Task prompt –
Each line of the data that mentions the string "with" needs to be identified and copied.

Short descriptive text snippets –

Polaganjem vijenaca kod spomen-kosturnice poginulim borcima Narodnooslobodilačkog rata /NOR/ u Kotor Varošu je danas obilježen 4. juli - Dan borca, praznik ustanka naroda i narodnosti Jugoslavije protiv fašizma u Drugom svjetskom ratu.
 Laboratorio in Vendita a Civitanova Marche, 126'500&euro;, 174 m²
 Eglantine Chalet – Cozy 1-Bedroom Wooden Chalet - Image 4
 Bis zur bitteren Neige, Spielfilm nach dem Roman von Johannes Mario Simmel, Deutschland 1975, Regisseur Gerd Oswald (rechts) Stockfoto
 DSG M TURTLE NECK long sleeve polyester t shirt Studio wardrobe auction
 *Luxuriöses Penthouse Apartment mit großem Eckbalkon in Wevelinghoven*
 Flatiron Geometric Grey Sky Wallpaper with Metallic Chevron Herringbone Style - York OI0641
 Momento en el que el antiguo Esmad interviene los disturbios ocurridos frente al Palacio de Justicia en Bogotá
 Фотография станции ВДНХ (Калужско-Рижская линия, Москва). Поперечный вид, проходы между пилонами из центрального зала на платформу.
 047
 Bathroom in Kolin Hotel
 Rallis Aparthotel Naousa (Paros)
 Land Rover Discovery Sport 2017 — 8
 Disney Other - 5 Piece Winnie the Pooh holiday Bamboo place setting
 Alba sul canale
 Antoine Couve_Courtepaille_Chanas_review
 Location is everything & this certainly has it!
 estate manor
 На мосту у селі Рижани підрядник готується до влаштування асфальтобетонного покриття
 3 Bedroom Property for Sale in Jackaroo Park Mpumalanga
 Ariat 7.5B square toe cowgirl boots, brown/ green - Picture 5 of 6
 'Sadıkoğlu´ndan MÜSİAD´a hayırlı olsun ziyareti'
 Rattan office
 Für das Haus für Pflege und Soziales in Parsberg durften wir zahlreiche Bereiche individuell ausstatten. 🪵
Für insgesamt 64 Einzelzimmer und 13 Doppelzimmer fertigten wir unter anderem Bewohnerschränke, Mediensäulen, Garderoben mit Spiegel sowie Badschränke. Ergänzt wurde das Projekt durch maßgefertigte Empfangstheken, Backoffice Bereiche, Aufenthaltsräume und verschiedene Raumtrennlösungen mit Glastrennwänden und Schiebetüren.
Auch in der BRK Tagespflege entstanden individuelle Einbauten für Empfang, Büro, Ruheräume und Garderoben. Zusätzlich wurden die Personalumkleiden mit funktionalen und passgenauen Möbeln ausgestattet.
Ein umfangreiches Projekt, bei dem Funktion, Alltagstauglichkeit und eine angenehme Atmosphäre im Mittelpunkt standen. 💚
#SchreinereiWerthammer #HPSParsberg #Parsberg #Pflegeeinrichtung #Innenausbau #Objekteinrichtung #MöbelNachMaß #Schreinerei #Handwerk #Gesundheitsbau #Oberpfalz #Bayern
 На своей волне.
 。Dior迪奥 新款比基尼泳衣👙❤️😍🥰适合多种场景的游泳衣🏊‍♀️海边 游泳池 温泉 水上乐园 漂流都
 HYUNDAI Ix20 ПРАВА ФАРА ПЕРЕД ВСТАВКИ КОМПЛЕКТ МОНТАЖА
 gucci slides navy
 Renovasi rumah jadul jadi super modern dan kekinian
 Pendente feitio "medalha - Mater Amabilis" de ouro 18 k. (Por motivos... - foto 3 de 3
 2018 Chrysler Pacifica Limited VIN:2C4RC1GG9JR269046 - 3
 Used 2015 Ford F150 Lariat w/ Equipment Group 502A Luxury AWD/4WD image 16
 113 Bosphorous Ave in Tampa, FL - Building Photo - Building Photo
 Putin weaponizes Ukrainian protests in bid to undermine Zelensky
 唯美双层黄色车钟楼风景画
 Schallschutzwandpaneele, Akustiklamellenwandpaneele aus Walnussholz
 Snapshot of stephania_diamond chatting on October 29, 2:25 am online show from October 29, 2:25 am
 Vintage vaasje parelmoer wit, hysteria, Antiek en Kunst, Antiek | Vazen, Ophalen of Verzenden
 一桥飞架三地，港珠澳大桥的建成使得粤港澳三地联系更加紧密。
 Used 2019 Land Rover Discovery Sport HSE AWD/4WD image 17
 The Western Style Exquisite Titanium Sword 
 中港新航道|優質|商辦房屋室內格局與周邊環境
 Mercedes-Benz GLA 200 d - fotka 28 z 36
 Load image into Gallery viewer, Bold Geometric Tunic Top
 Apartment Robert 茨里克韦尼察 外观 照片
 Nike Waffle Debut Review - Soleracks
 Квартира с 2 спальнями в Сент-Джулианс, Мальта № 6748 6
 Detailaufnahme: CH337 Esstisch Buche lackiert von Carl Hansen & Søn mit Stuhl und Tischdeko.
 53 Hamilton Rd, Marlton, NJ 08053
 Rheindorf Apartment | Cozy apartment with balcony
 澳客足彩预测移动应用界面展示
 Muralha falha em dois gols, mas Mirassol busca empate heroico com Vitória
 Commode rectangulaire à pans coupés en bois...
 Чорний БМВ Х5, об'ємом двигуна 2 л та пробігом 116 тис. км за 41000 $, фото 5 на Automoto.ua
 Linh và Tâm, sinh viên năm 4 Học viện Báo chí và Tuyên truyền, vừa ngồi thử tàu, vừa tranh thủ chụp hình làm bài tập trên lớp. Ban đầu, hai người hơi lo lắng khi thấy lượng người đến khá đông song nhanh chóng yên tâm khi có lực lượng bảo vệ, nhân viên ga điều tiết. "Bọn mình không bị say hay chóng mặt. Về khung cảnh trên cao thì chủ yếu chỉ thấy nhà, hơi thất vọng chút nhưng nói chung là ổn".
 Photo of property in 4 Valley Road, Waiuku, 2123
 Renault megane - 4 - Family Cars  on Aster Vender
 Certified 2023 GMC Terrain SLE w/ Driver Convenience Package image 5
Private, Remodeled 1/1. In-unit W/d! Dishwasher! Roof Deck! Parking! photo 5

Exercise answer –
 Flatiron Geometric Grey Sky Wallpaper with Metallic Chevron Herringbone Style - York OI0641
 Rheindorf Apartment | Cozy apartment with balcony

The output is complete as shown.